フラグを下ろした後、変数iを検証する(S813)。検証の結果、最大値でなければ、iをインクリメントする(S814)。これは、フラグを下ろした、ということは、距離計算による検証の結果、当該小分割領域が背景であるものと判断されたことに因る。図8の例では、最初に空の背景サンプルとの距離を計算した結果、それが空であるものと判断されたら、次に海の背景サンプルとの距離を計算する必要はない。このため、次の背景サンプルとの距離計算処理をスキップするためにこの処理を行うものである。
変数iが最大値に達していれば、全ての小分割領域に対して距離計算が終了したことを意味する。そこで、フラグ変数f(i)を全て見て、フラグが上がっている変数があるか否かを検証する(S815)。
検証の結果、フラグが全く上がっていなければ、全ての小分割領域は背景であり、不審物は存在しないと判断できる。
逆に検証の結果、フラグが一つでも上がっているものがあれば、当該小分割領域は背景ではなく、不審物はそこに存在するものと判断できる。
不審物の存在が認められたら、アラームを出力して(S816)、終了する(S817)。
【0024】
本実施形態においては、予め背景のサンプルを手作業で指定する。

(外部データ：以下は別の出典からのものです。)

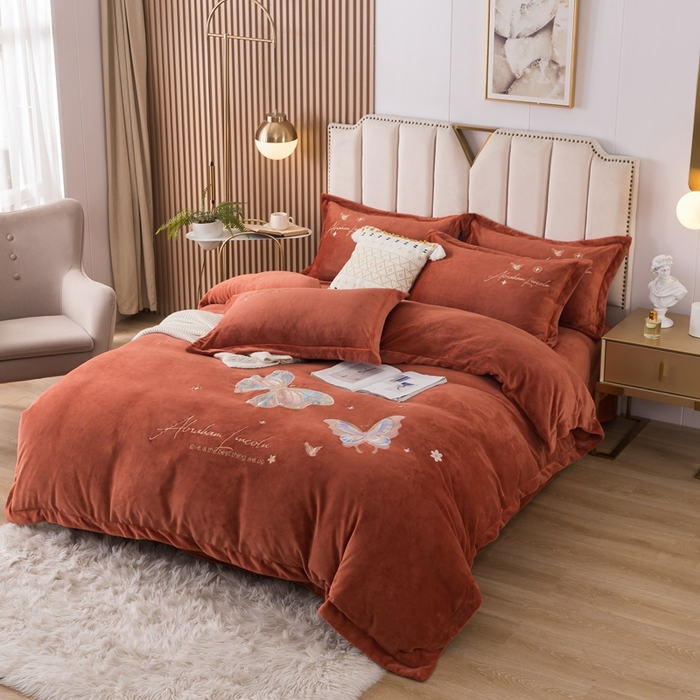 91家纺网 家纺一手货源 找家纺 找底底家纺 2023款220克全消光重工刺绣纯色牛奶绒四件套-蝶舞花开 蝶舞花开-桔红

このため、背景の特徴量が変化すると、これに追従できない、という欠点がある。例えば海を監視する場合においては、海が天候によって荒れたり、撮像カメラ202が撮影角度を移動したりして空と海との配置関係が変わったりすると、誤認識を引き起こしてしまうだろう。
しかしながら、これら特徴を十分に把握した上で、適切な監視対象に対して適切な設置を行えば、本実施形態は十分にその機能を発揮し得る。背景特徴量があまり変わらない監視対象であったり、撮像カメラ202を固定して運用する場合、あるいは背景特徴量が変わった際に再度背景サンプルを入力し直してもよいような場合には、この方法を用いてもよい。
【0025】
ところで、小分割領域の大きさをどう決定するかは、監視対象によって若干異なる。例えば、複雑な模様を形成する背景に対してあまり小さ過ぎる小分割領域を設定しても、特徴量を適切に演算できるとはいえない。しかし、検出したい不審物の大きさが小さい場合には、あまり大き過ぎる小分割領域を設定しても、得られる特徴量にその変化が現れ難くなってしまう。したがって、最適な小分割領域面積は監視対象に応じて変更する必要がある。このため、監視装置を実稼動させる前に予め試験的に小分割領域面積を変更しながら試験運転を行い、最適値を決定するとよいだろう。
【0026】
以上に説明したことをまとめる。
本実施形態の監視装置301は、主にマイクロコンピュータ上で稼動するソフトウェアよりなる。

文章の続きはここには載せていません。